AIM OF THE TASK » Take down each entry exactly as written.

START EXERCISE DATA

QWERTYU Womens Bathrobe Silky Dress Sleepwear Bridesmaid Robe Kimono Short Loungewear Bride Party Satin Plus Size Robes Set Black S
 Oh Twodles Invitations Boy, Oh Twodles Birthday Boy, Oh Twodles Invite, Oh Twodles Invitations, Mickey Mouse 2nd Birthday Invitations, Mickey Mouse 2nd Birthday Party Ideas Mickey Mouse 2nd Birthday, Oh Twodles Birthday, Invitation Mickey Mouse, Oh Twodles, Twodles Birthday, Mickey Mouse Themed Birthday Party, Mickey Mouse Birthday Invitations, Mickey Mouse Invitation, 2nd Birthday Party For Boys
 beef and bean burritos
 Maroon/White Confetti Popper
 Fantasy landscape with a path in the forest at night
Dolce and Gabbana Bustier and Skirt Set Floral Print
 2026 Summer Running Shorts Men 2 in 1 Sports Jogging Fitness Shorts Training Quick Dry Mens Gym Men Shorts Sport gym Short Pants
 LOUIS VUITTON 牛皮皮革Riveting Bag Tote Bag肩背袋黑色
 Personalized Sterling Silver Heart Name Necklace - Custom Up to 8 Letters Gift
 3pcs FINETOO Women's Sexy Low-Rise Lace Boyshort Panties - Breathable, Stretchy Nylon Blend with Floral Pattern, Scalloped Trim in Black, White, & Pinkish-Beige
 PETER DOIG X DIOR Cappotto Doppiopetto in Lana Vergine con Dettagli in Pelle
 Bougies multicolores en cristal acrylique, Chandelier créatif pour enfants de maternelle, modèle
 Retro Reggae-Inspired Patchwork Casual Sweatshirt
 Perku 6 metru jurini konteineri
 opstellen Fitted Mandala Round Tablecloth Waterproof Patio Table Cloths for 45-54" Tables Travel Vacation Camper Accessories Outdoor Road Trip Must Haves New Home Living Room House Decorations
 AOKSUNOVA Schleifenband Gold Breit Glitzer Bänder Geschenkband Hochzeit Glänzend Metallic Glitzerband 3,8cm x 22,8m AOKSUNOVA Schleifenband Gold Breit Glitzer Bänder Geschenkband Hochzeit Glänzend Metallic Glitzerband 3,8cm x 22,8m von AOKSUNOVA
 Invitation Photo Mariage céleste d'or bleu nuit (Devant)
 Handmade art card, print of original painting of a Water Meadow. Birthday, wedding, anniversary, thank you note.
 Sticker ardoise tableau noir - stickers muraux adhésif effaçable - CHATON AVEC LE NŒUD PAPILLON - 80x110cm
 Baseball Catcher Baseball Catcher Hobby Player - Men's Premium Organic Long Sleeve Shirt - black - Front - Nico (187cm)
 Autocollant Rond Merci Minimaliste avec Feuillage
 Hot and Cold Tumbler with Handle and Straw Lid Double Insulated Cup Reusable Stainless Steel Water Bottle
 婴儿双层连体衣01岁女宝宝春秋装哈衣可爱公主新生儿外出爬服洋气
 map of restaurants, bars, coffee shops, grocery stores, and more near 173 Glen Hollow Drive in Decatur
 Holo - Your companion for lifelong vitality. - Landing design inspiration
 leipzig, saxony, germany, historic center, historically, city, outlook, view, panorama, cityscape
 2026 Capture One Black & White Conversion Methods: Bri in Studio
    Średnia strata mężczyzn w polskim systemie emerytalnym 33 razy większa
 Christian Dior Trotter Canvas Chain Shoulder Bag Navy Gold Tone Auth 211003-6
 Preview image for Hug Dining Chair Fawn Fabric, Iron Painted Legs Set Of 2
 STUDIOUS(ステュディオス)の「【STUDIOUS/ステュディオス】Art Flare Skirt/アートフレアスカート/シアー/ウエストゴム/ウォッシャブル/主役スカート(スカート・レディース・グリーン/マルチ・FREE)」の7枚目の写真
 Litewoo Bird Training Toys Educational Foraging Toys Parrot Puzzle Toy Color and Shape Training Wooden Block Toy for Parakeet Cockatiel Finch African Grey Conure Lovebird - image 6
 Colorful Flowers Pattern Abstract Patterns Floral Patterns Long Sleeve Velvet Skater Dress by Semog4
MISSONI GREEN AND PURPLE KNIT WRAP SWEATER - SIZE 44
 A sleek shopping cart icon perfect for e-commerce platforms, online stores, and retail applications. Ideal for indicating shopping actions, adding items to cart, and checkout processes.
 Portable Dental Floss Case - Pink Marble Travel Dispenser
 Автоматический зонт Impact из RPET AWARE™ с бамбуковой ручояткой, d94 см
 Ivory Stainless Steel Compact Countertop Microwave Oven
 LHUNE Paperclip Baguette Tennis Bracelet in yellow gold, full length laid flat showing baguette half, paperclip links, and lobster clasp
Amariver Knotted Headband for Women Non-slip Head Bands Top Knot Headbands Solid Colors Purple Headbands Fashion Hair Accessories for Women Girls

END EXERCISE DATA

EXERCISE RESPONSE »
QWERTYU Womens Bathrobe Silky Dress Sleepwear Bridesmaid Robe Kimono Short Loungewear Bride Party Satin Plus Size Robes Set Black S
 Oh Twodles Invitations Boy, Oh Twodles Birthday Boy, Oh Twodles Invite, Oh Twodles Invitations, Mickey Mouse 2nd Birthday Invitations, Mickey Mouse 2nd Birthday Party Ideas Mickey Mouse 2nd Birthday, Oh Twodles Birthday, Invitation Mickey Mouse, Oh Twodles, Twodles Birthday, Mickey Mouse Themed Birthday Party, Mickey Mouse Birthday Invitations, Mickey Mouse Invitation, 2nd Birthday Party For Boys
 beef and bean burritos
 Maroon/White Confetti Popper
 Fantasy landscape with a path in the forest at night
Dolce and Gabbana Bustier and Skirt Set Floral Print
 2026 Summer Running Shorts Men 2 in 1 Sports Jogging Fitness Shorts Training Quick Dry Mens Gym Men Shorts Sport gym Short Pants
 LOUIS VUITTON 牛皮皮革Riveting Bag Tote Bag肩背袋黑色
 Personalized Sterling Silver Heart Name Necklace - Custom Up to 8 Letters Gift
 3pcs FINETOO Women's Sexy Low-Rise Lace Boyshort Panties - Breathable, Stretchy Nylon Blend with Floral Pattern, Scalloped Trim in Black, White, & Pinkish-Beige
 PETER DOIG X DIOR Cappotto Doppiopetto in Lana Vergine con Dettagli in Pelle
 Bougies multicolores en cristal acrylique, Chandelier créatif pour enfants de maternelle, modèle
 Retro Reggae-Inspired Patchwork Casual Sweatshirt
 Perku 6 metru jurini konteineri
 opstellen Fitted Mandala Round Tablecloth Waterproof Patio Table Cloths for 45-54" Tables Travel Vacation Camper Accessories Outdoor Road Trip Must Haves New Home Living Room House Decorations
 AOKSUNOVA Schleifenband Gold Breit Glitzer Bänder Geschenkband Hochzeit Glänzend Metallic Glitzerband 3,8cm x 22,8m AOKSUNOVA Schleifenband Gold Breit Glitzer Bänder Geschenkband Hochzeit Glänzend Metallic Glitzerband 3,8cm x 22,8m von AOKSUNOVA
 Invitation Photo Mariage céleste d'or bleu nuit (Devant)
 Handmade art card, print of original painting of a Water Meadow. Birthday, wedding, anniversary, thank you note.
 Sticker ardoise tableau noir - stickers muraux adhésif effaçable - CHATON AVEC LE NŒUD PAPILLON - 80x110cm
 Baseball Catcher Baseball Catcher Hobby Player - Men's Premium Organic Long Sleeve Shirt - black - Front - Nico (187cm)
 Autocollant Rond Merci Minimaliste avec Feuillage
 Hot and Cold Tumbler with Handle and Straw Lid Double Insulated Cup Reusable Stainless Steel Water Bottle
 婴儿双层连体衣01岁女宝宝春秋装哈衣可爱公主新生儿外出爬服洋气
 map of restaurants, bars, coffee shops, grocery stores, and more near 173 Glen Hollow Drive in Decatur
 Holo - Your companion for lifelong vitality. - Landing design inspiration
 leipzig, saxony, germany, historic center, historically, city, outlook, view, panorama, cityscape
 2026 Capture One Black & White Conversion Methods: Bri in Studio
    Średnia strata mężczyzn w polskim systemie emerytalnym 33 razy większa
 Christian Dior Trotter Canvas Chain Shoulder Bag Navy Gold Tone Auth 211003-6
 Preview image for Hug Dining Chair Fawn Fabric, Iron Painted Legs Set Of 2
 STUDIOUS(ステュディオス)の「【STUDIOUS/ステュディオス】Art Flare Skirt/アートフレアスカート/シアー/ウエストゴム/ウォッシャブル/主役スカート(スカート・レディース・グリーン/マルチ・FREE)」の7枚目の写真
 Litewoo Bird Training Toys Educational Foraging Toys Parrot Puzzle Toy Color and Shape Training Wooden Block Toy for Parakeet Cockatiel Finch African Grey Conure Lovebird - image 6
 Colorful Flowers Pattern Abstract Patterns Floral Patterns Long Sleeve Velvet Skater Dress by Semog4
MISSONI GREEN AND PURPLE KNIT WRAP SWEATER - SIZE 44
 A sleek shopping cart icon perfect for e-commerce platforms, online stores, and retail applications. Ideal for indicating shopping actions, adding items to cart, and checkout processes.
 Portable Dental Floss Case - Pink Marble Travel Dispenser
 Автоматический зонт Impact из RPET AWARE™ с бамбуковой ручояткой, d94 см
 Ivory Stainless Steel Compact Countertop Microwave Oven
 LHUNE Paperclip Baguette Tennis Bracelet in yellow gold, full length laid flat showing baguette half, paperclip links, and lobster clasp
Amariver Knotted Headband for Women Non-slip Head Bands Top Knot Headbands Solid Colors Purple Headbands Fashion Hair Accessories for Women Girls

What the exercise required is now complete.